Does negative mass reverse the arrow of time? General relativity predicts that normal mass (positive mass) results in the curvature of spacetime which in return leads to gravitation. Since space and time are bonded together, any change on the fabric of space may inevitably lead to a change in time, as postulated by Einstein's theory of relativity. So the effect of positive mass on time is that it slows it down through the formulation of an attractive gravitational field, but what happens to time in the presence of negative mass? 
 A: The time dilation factor with respect to an observer at infinity is
$$\sqrt{1-\frac{\text{2 G M}}{\text{c}^2\text{ r}}}$$
so if we plug in G=1, c=1, r=10 and M=+1 we get the clocks running slower by a factor of 0.8944 if they are in a distance of 10GM/c² from the center of the positive mass.
If we change the sign of M to M=-1 we get a time dilation factor of 1.095 so mathematically the clocks should run faster near negative masses than they would for a field free observer.

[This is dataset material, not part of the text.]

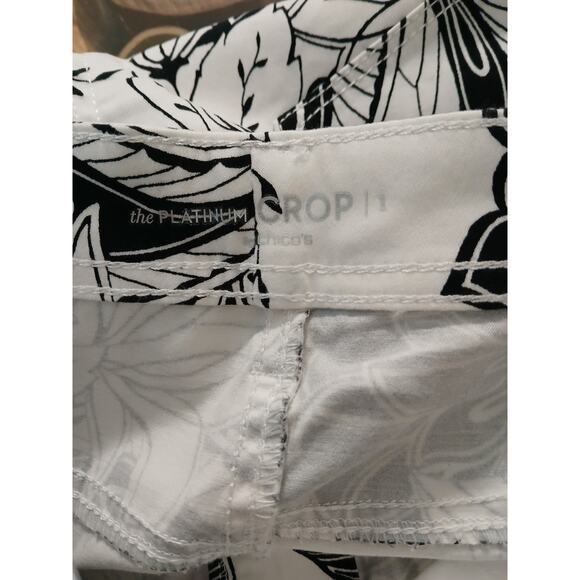 Chico's the Platinum Girlfriend Crop Slim Fit Floral Pants Black White Medium - Picture 3 of 11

A: The arrow of time is believed to be related to the fact that the universe started in a state of low entropy and is evolving towards a state of larger entropy. The effect of negative mass will not change this. The reason is that any model of negative mass will leave the initial state of the universe as as state of low entropy. A rather uniform distribution of mass in the presence of gravity, be it either attractive or negative, will still constitute a state of low entropy, whereas states of high entropy will be created as mass clumps start to form either as an effect of positive or negative mass. The second law of thermodynamics is  a statistical theorem that can be derived from very general principles, without the details of the force fields, thus there nothing a priori that would make a negative mass to reverse the arrow of time.